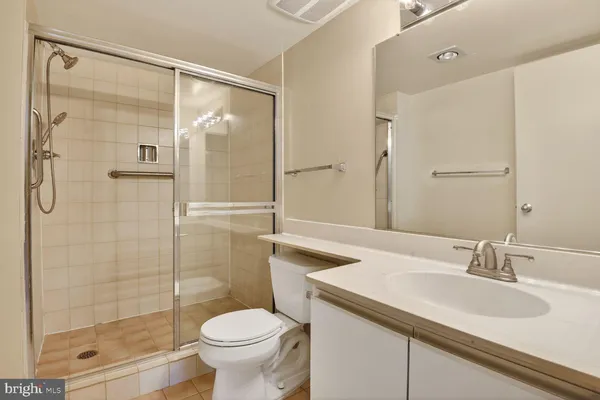 $2,250 | 1808 Old Meadow Road, Unit 1105, McLean, VA 22102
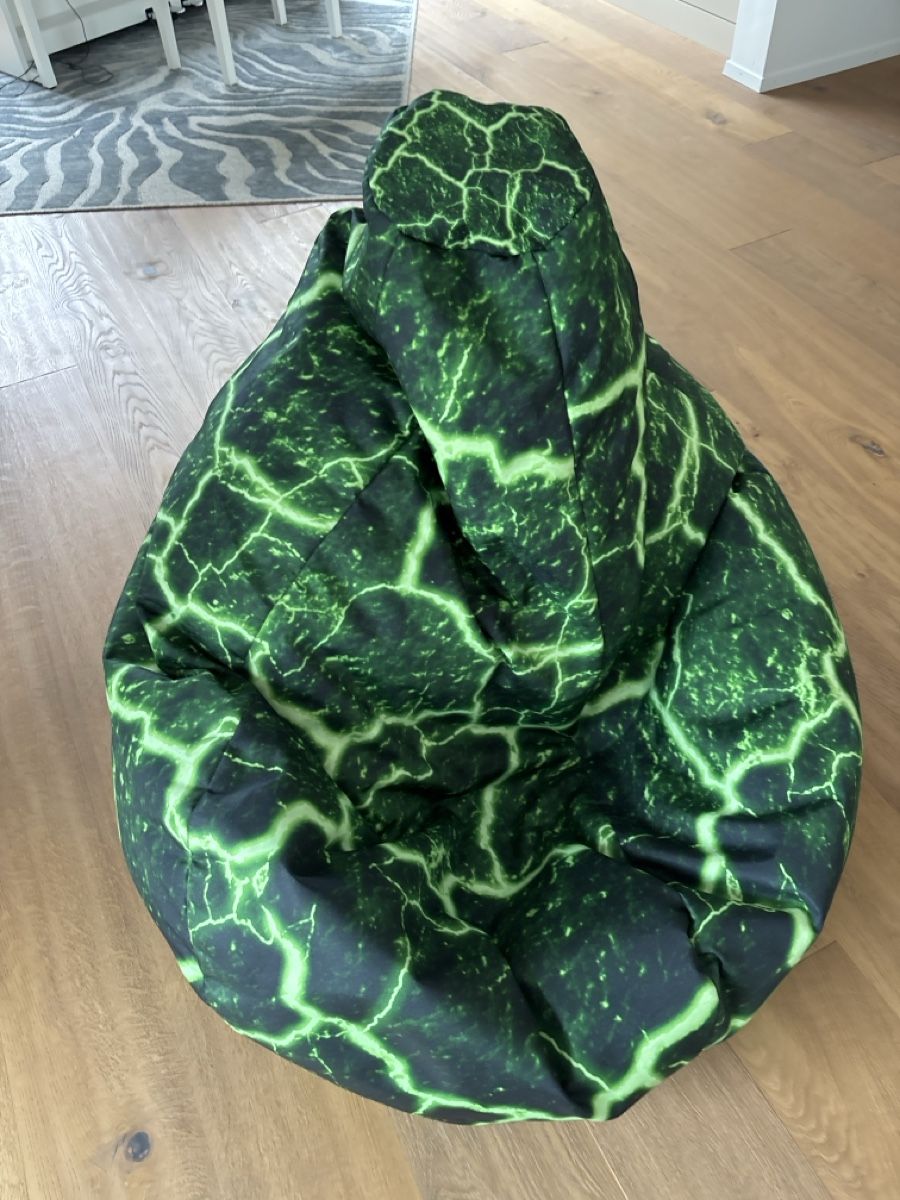 Hocker: Sitzsack grün schwarz - wie neu – Gebraucht aus Bubikon von Ultima2 1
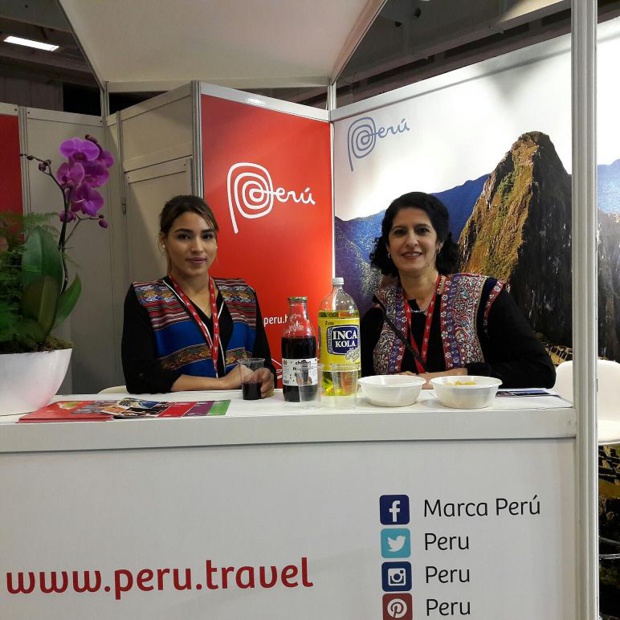 Première participation à SalonsCE de l'OT du Pérou. Maria Elena Coruest du Bureau commercial du Pérou en France (à droite) et son assistante Karla Yncio. Photo MS.
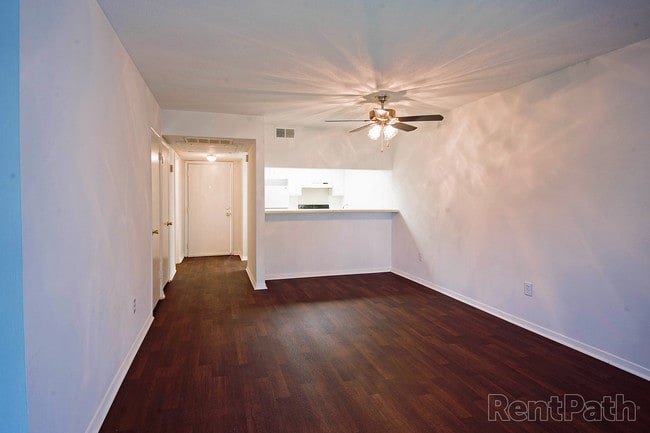 Sala de estar/comedor - Fort Bayou Apartments and Condos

## ASSIGNMENT
Reproduce the full material exactly, excluding the pictures.

## OUTPUT BELOW
 $2,250 | 1808 Old Meadow Road, Unit 1105, McLean, VA 22102
 Hocker: Sitzsack grün schwarz - wie neu – Gebraucht aus Bubikon von Ultima2 1
 Première participation à SalonsCE de l'OT du Pérou. Maria Elena Coruest du Bureau commercial du Pérou en France (à droite) et son assistante Karla Yncio. Photo MS.
 Sala de estar/comedor - Fort Bayou Apartments and Condos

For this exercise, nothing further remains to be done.